Arkee Whitlock

No. 24, 36
- Position: Running back

Personal information
- Born: May 10, 1984 (age 41) Rock Hill, South Carolina, U.S.
- Height: 5 ft 9 in (1.75 m)
- Weight: 203 lb (92 kg)

Career information
- High school: Rock Hill (Rock Hill, South Carolina)
- College: Southern Illinois

Career history
- 2007: Minnesota Vikings*
- 2007: San Francisco 49ers*
- 2007–2008: Minnesota Vikings*
- 2009–2011: Edmonton Eskimos
- * Offseason and/or practice squad member only

Awards and highlights
- 3× All-Gateway Conference (2004–2006); I-AA All-American (2006); Walter Payton Award finalist (2006); Eskimos' Most Outstanding Rookie (2009);

= Arkee Whitlock =

American gridiron football player (born 1984)

Arkee Whitlock (born May 10, 1984) is an American former professional football running back who played for the Edmonton Eskimos of the Canadian Football League.

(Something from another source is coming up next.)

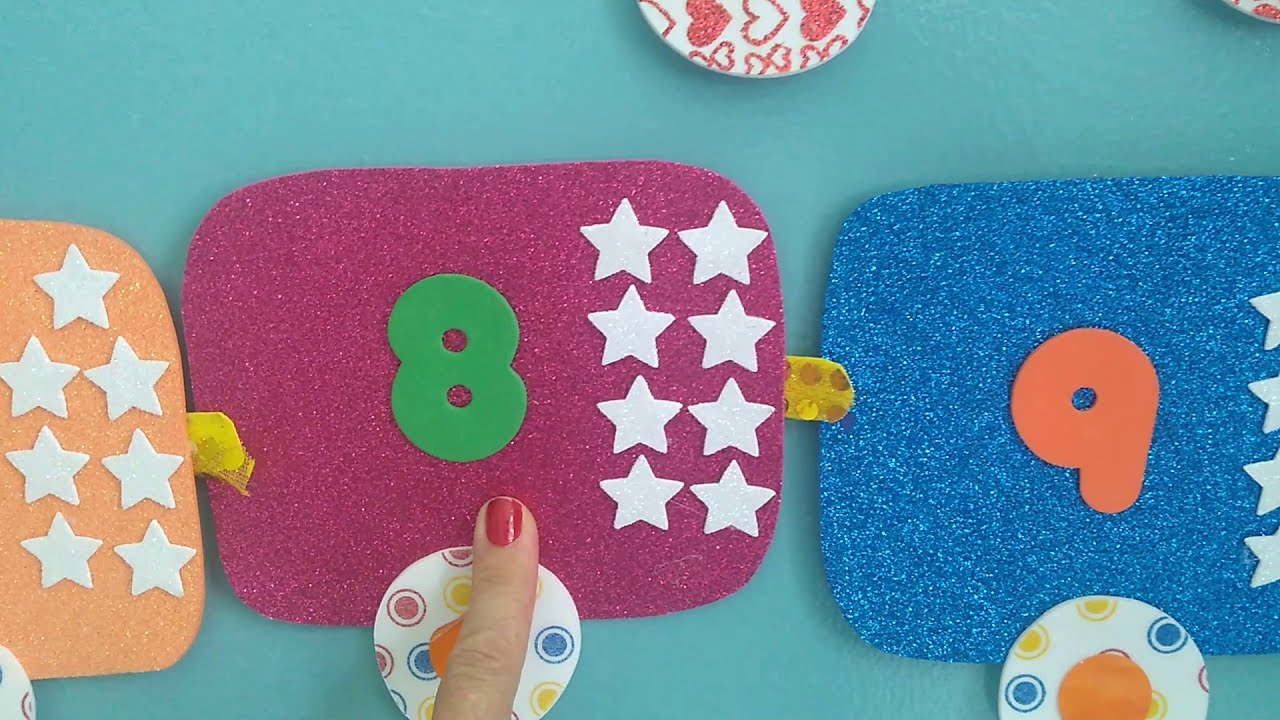 Sala de aula de Educação Infantil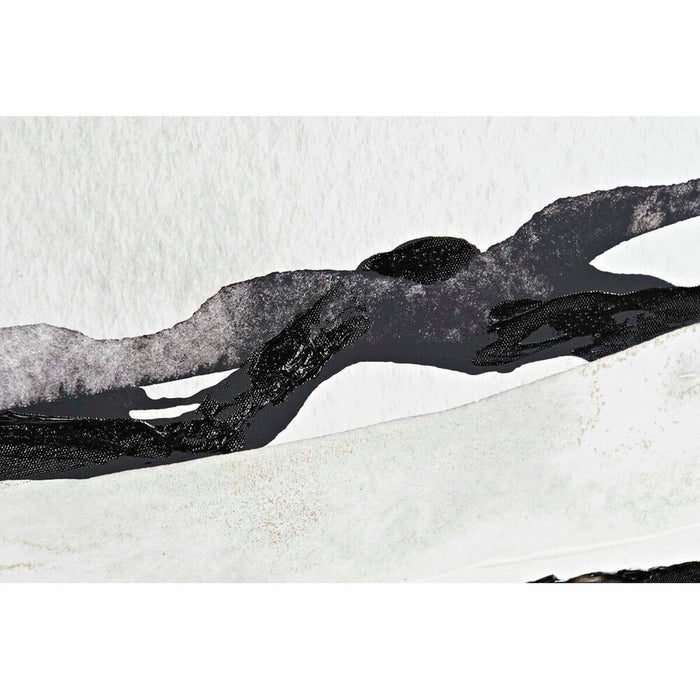 Canvas DKD Home Decor polystyrene Canvas 79 x 2,5 x 79 cm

He was signed by the Minnesota Vikings as an undrafted free agent in 2007. He played college football with the Southern Illinois Salukis, where he finished the 2007 season third in voting for the Walter Payton Award.

Whitlock was also a member of the San Francisco 49ers.

==Professional career==
He was signed as an undrafted free agent following the 2007 NFL draft by the Minnesota Vikings, and was subsequently cut during training camp. Whitlock briefly signed with the San Francisco 49ers, and was able to see playing time during the preseason. After he was waived by the 49ers, he again signed with the Vikings, where he was allocated to their practice squad.

Whitlock was signed by the Edmonton Eskimos on April 23, 2009. He was released on July 31, 2011.